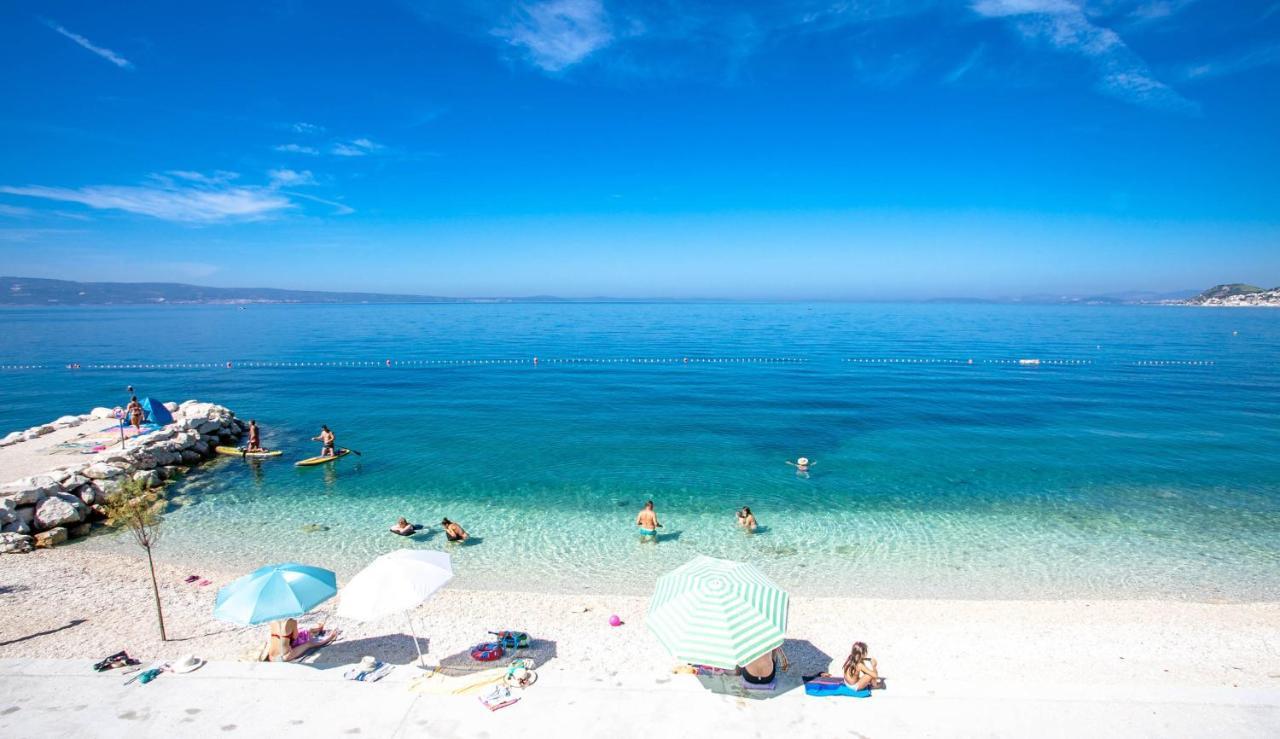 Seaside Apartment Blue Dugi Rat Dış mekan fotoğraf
==
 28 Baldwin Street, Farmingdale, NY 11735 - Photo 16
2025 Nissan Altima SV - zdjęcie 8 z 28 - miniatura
...
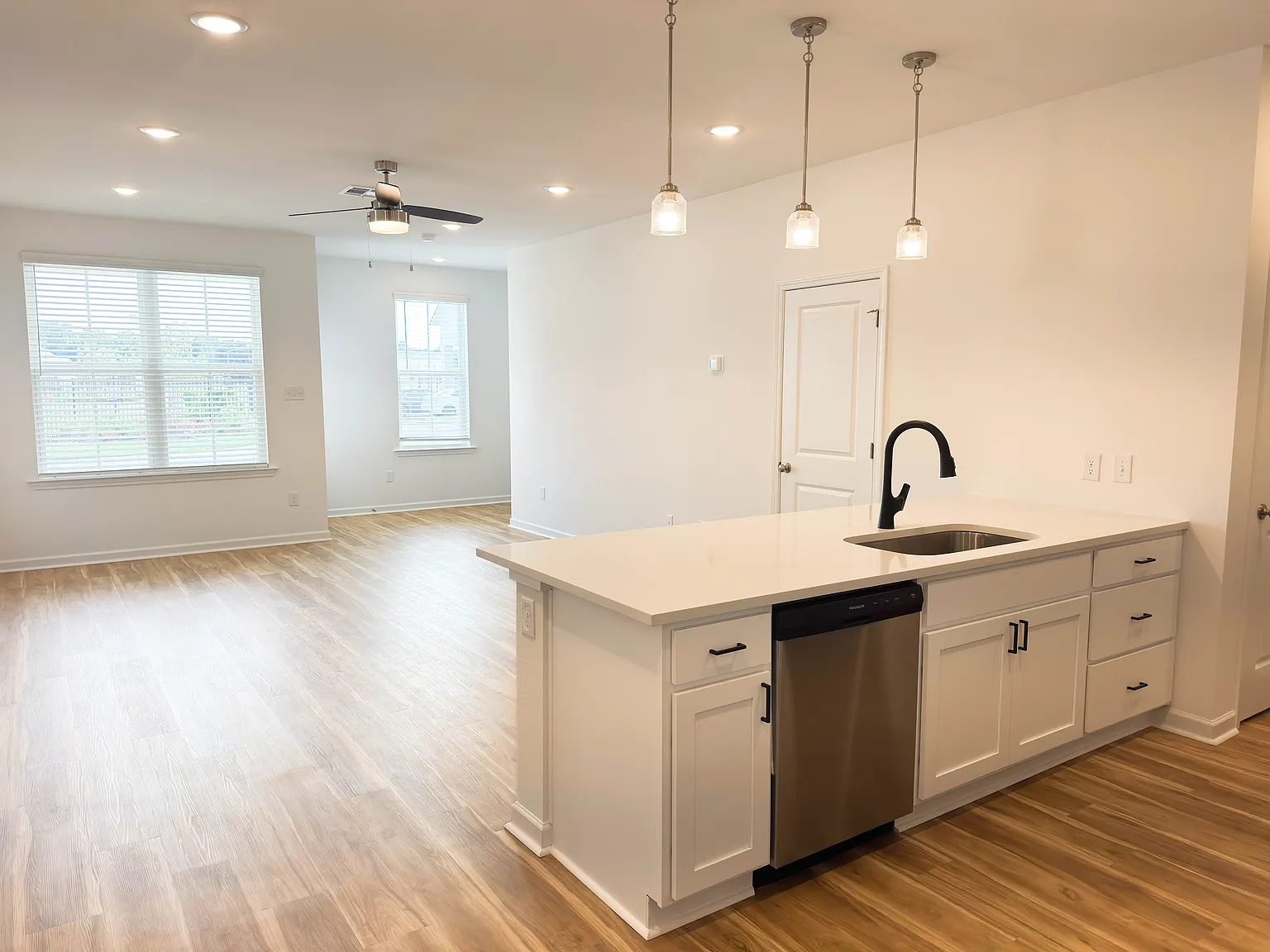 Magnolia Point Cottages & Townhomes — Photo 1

**WORK INSTRUCTIONS**
Using the data above, extract exactly the lines from the one that holds "28 Baldwin Street, Farmingdale, NY" to the one that holds "2025 Nissan Altima", both ends included, and no others.

**RESPONSE FOR THIS EXERCISE**
 28 Baldwin Street, Farmingdale, NY 11735 - Photo 16
2025 Nissan Altima SV - zdjęcie 8 z 28 - miniatura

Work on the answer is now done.